本発明はダイヤモンドライクカーボン膜、即ちDLC(C-H)膜の製造方法に関し、特に新規な窒素ドープDLC膜とその製造方法に関する。
従来の窒素ドープDLC膜は窒素ガスを原料として用いるため、排ガス中及びDLC膜の中にシアン基(CN基)が導入され易く、人体に危険性がある。
特許文献1(特開2016−98422号公報)では、その要約から分かるように、硬質DLC層とこれより軟らかい軟質DLC層を交互に積層した多層構造の炭素系被膜が開示されている。硬質DLC層が炭素、水素及び珪素を含む膜構成であるのに対し、軟質DLC層は窒素を更に含有させて炭素、水素、珪素及び窒素を含む膜構成としている。

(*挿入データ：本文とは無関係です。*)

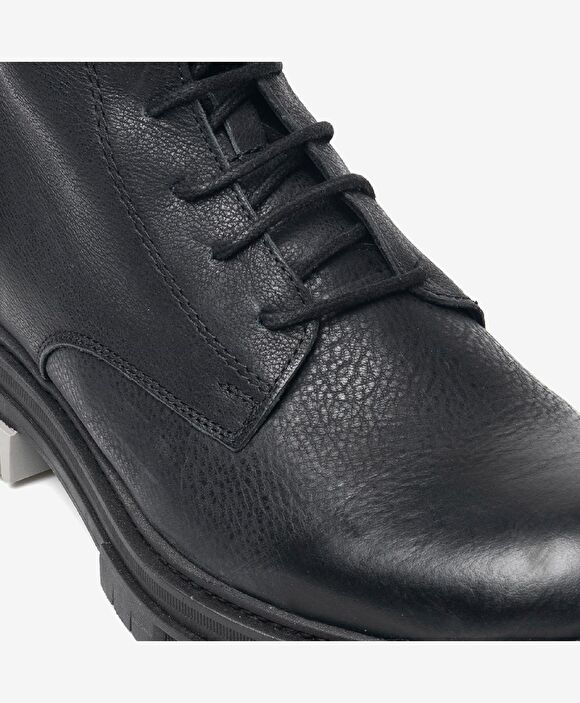 Erkek Siyah Hakiki Deri Military Bot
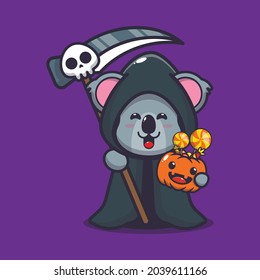 cute koala with grim reaper costume cartoon illustration.cute halloween cartoon vector illustration. Vector isolated flat illustration for poster, brochure, web, mascot, sticker, logo and icon.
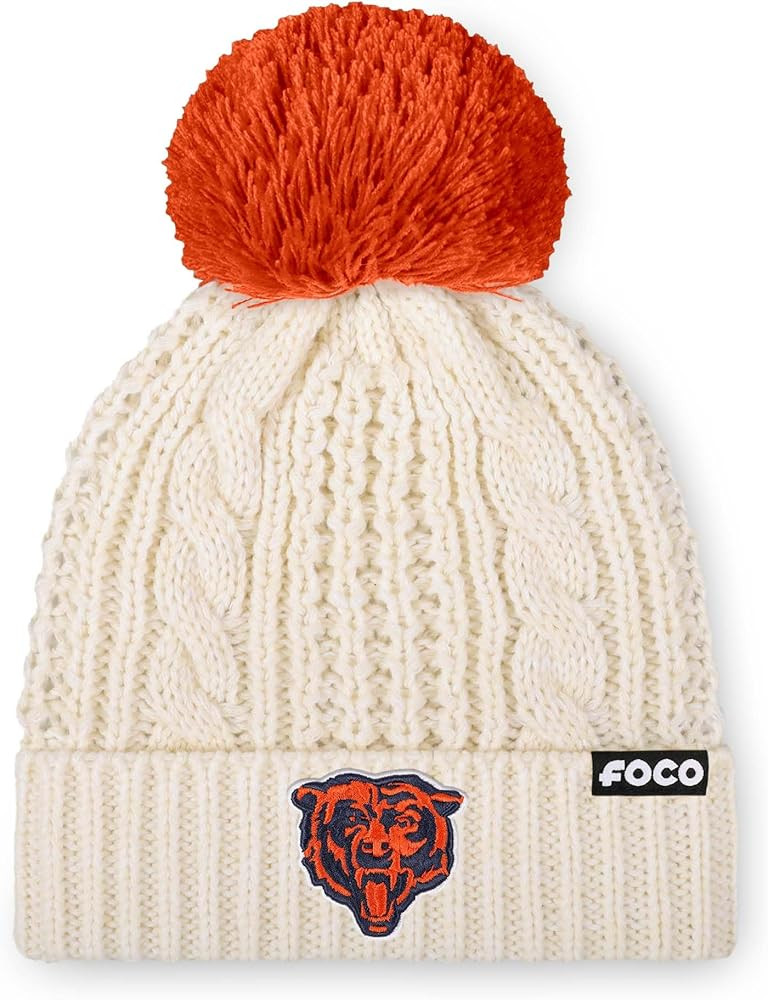 FOCO NFL Womens NFL Team Logo Cable Knit Pom Beanie Hat | Amazon (US)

その段落[0039]には、「このとき処理室3内に供給される成分ガスは、たとえば原料ガスとして、炭化水素系ガス、有機珪素化合物ガス、水素ガスおよび/または窒素ガスである。」と記載され、窒素ガスの使用を規定している。
特許文献2(特開2012−6390号公報)では、その要約から分かるように、DLC膜などの非晶質炭素膜を備え、この非晶質炭素膜上の少なくとも一部に撥水・撥油層が定着性良く設けられたスクリーン印刷用孔版が開示されている。具体的には、ケイ素、酸素又は窒素のうち少なくとも1つの元素を含有する非晶質炭素膜層と、この非晶質炭素膜層上の少なくとも一部に設けられたフッ素を含有するシランカップリング剤薄膜層20を備えている。その段落[0059]及び段落[0060]には、「続いて、原料ガスを排気した後、流量15SCCMの窒素ガスを、反応容器内のガス圧が1.5Paとなるように反応容器に導入し」と書かれており、窒素ガスの使用が明記されている。

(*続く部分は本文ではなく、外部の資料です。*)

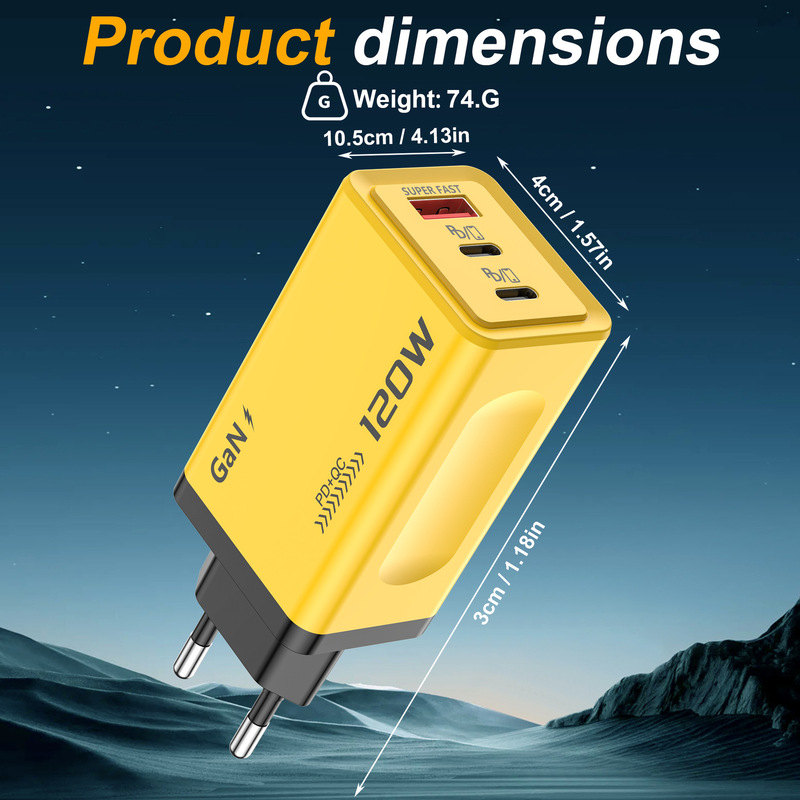 120W charger with USB+ dual PD multi-port, US/EU/UK standard USB+ type-c charging head 120W charger with USB+ dual PD multi-port, US/EU/UK standard USB+ type-c charging head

特許文献3(特開2010−77227号公報)では、その要約から分かるように、DLCコーティング処理で問題となっていた被膜剥がれが全く発生しない低摩擦係数で高耐摩耗性の表面を有するゴム成型品が開示されている。そして表面側から内部に向かって各深さにおける炭素原子数に対する窒素原子数の比が指数関数的に減少する表面改質領域を有していることが特徴とされている。特に、その段落[0013]には、「本発明に係るゴム成型品は、表面改質領域を真空中での窒素イオン注入法で形成することができる。窒素イオンは窒素ガスをプラズマ状態にして生成することができ」と記載され、窒素ガスの使用を前提としている。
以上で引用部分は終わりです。